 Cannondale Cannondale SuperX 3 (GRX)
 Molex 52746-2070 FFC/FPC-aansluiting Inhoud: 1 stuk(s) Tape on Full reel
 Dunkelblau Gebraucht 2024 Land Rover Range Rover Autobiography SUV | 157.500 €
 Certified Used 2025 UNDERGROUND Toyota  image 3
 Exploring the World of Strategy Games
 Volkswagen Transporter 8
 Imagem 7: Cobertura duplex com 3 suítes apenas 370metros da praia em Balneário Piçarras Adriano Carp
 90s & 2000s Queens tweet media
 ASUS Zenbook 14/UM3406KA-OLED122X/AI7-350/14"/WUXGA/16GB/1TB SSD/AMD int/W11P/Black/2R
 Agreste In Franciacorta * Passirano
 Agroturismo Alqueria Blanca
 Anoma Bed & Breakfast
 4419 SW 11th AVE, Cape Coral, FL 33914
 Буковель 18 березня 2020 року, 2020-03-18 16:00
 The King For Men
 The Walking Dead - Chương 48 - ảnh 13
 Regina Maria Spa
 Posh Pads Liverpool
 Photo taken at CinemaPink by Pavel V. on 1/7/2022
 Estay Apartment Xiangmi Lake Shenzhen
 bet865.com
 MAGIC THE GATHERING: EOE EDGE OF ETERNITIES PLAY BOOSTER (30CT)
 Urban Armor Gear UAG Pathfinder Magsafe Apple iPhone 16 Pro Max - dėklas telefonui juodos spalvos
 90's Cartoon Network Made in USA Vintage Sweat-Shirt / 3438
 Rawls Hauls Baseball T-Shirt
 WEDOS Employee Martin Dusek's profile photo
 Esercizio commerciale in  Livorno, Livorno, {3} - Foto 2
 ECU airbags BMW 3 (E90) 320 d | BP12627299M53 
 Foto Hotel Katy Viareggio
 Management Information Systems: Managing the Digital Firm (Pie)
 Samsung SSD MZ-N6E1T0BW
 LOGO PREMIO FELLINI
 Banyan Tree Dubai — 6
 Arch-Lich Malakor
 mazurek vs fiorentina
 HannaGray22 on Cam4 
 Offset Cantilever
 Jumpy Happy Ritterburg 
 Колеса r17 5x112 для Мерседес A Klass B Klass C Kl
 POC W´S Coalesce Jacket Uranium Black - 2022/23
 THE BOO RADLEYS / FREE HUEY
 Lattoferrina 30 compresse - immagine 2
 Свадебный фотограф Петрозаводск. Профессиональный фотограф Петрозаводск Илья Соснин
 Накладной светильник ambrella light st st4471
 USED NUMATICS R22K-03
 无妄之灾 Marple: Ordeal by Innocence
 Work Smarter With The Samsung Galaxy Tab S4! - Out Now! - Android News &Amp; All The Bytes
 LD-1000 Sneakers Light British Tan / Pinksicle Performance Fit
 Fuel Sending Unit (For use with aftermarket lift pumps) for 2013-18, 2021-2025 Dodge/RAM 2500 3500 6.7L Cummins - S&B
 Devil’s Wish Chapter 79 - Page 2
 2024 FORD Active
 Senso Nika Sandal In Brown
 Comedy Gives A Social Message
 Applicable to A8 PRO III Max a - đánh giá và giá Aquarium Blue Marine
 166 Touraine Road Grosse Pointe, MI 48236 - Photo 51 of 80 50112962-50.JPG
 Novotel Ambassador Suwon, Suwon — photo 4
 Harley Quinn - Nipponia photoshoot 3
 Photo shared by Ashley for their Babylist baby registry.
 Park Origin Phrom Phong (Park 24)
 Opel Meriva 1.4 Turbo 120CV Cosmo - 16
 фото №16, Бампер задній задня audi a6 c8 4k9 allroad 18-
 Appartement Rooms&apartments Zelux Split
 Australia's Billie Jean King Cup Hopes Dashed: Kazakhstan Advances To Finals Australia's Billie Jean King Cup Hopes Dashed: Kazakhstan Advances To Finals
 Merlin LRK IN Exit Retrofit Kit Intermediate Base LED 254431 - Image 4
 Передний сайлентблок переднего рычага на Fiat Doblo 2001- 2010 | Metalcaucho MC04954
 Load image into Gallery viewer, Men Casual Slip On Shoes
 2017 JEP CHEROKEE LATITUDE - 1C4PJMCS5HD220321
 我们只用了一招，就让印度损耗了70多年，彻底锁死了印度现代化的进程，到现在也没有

____________________

* [ASSIGNED TASK] Search the listing for "Foto" and copy each line holding it.

* [TASK OUTPUT]
 Esercizio commerciale in  Livorno, Livorno, {3} - Foto 2
 Foto Hotel Katy Viareggio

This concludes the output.